_Work to be completed_
What is needed is an exact reproduction of the lines in the records below, starting at the line with "Maison - 201 m² - 8 pièces" and ending at the line with "Vista frontal de la propiedad", both included, and nothing else; pictures stay out.

_Records supplied_
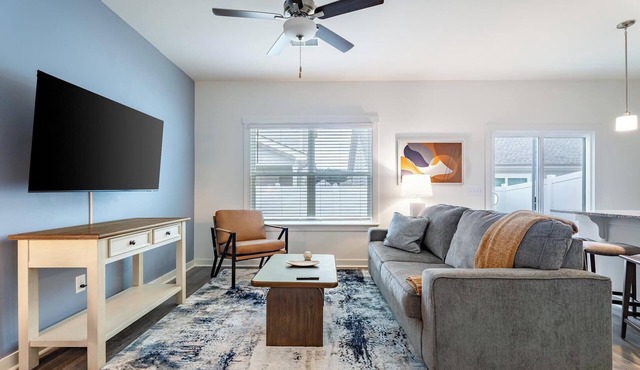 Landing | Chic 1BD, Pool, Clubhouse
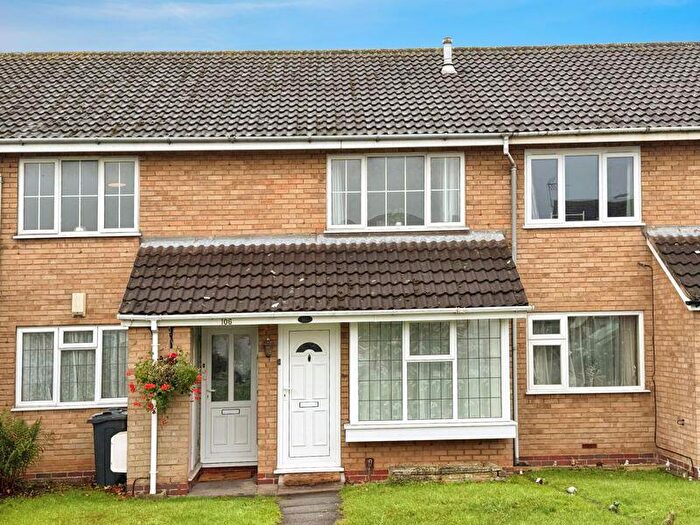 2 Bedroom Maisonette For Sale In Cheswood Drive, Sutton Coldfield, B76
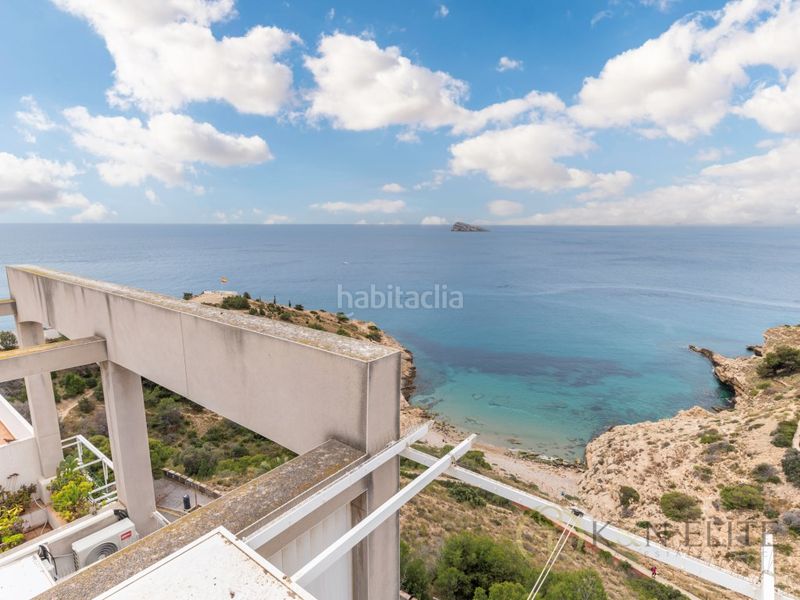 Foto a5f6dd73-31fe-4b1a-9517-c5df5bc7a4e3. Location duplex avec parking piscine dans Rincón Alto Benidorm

--

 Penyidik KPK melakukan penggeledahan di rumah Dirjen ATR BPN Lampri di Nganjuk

---

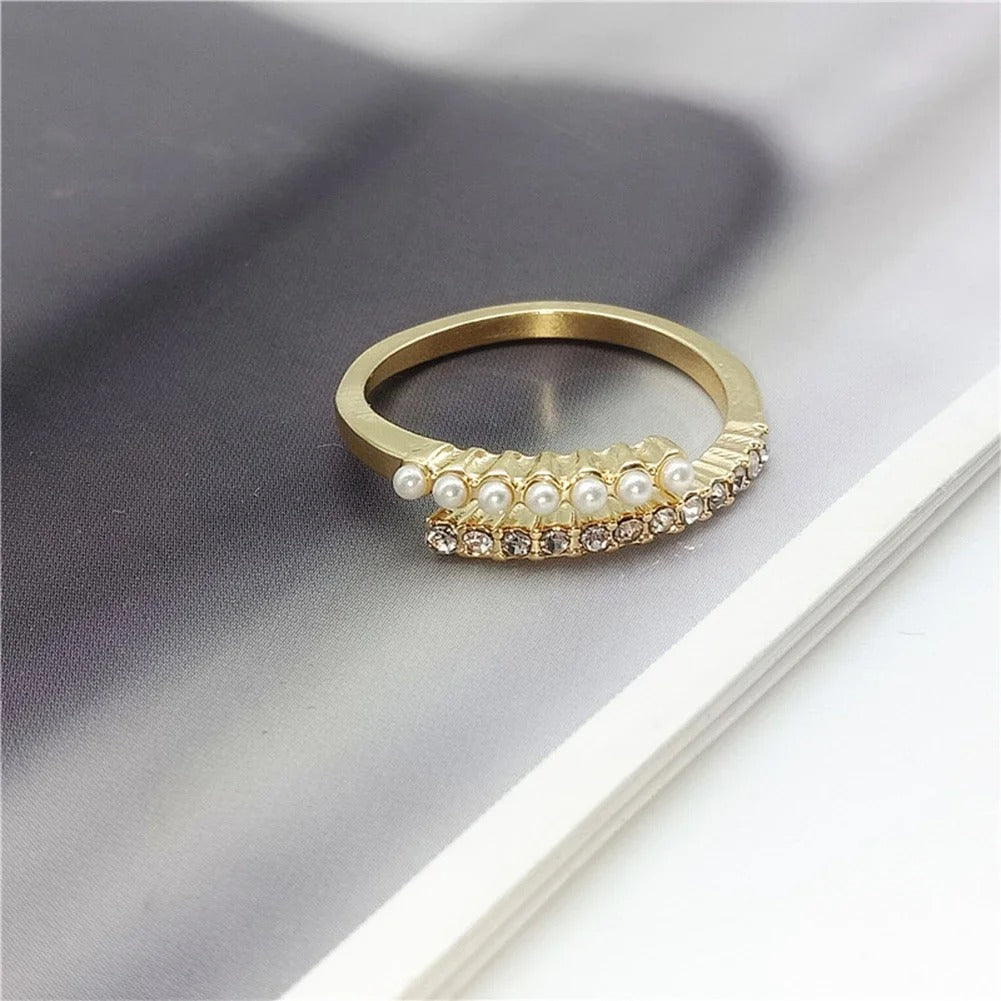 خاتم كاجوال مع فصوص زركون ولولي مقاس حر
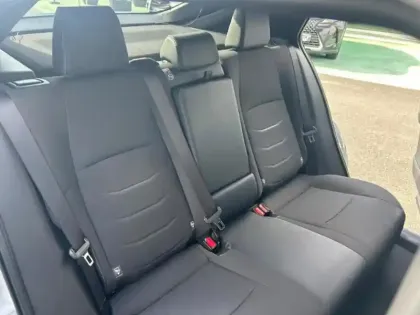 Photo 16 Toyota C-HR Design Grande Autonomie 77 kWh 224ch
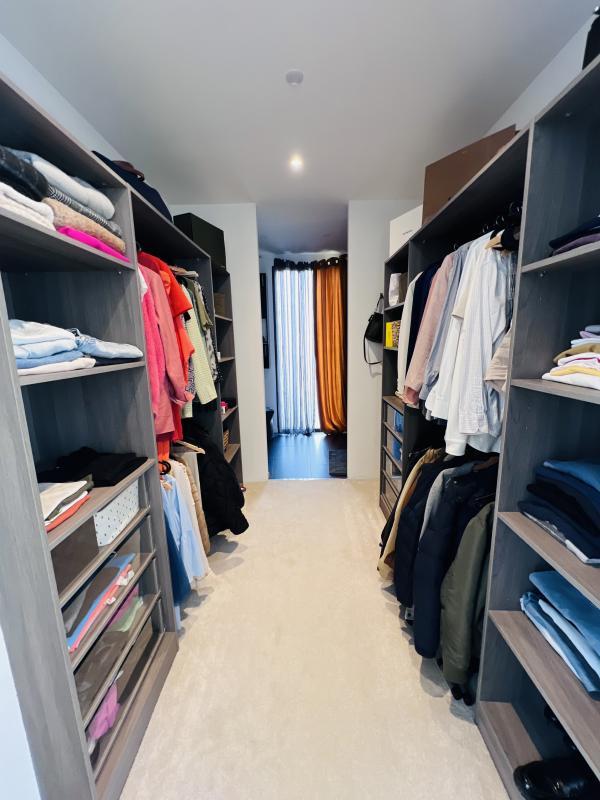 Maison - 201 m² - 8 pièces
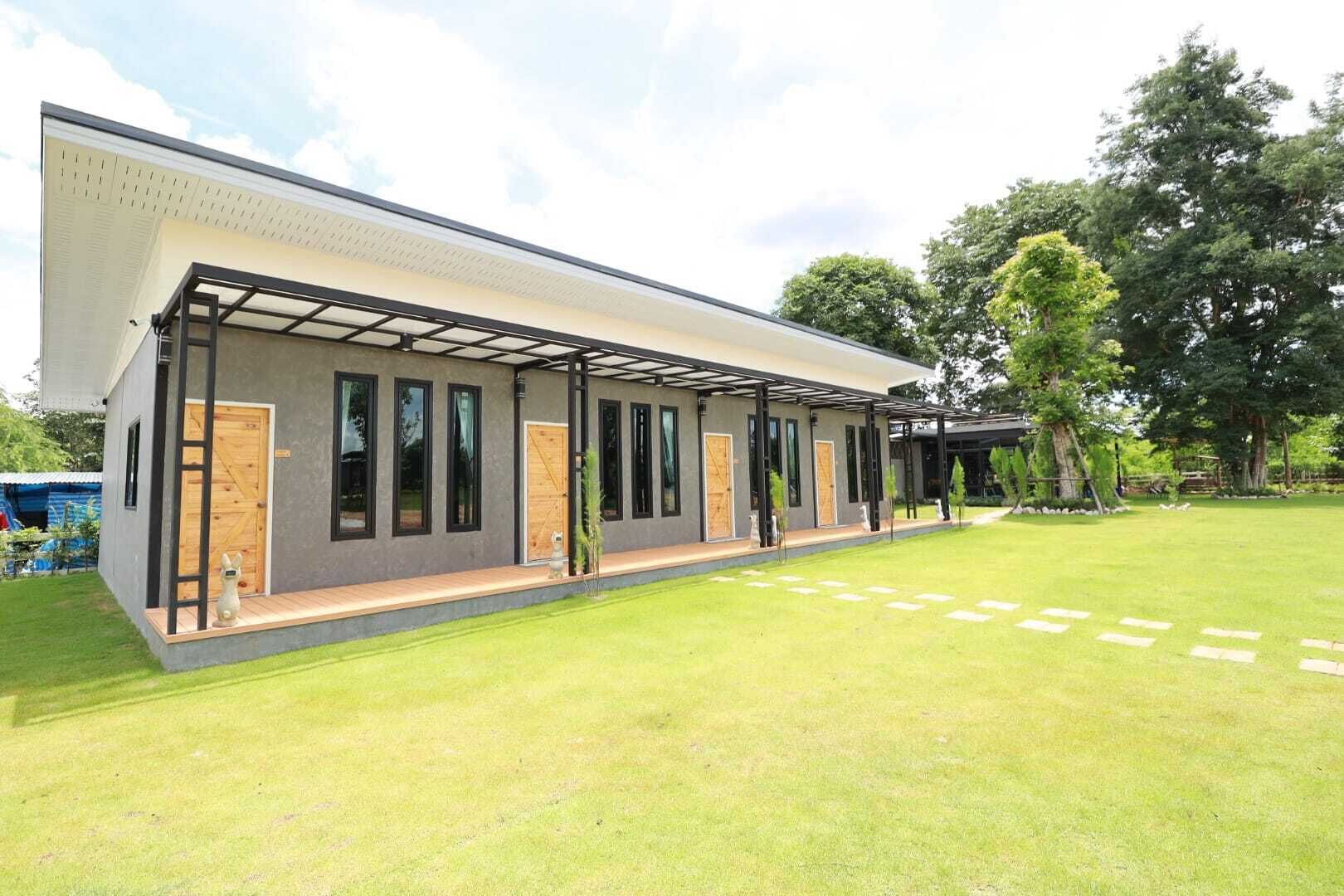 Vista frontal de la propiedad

_Result of this exercise_
 Maison - 201 m² - 8 pièces
 Vista frontal de la propiedad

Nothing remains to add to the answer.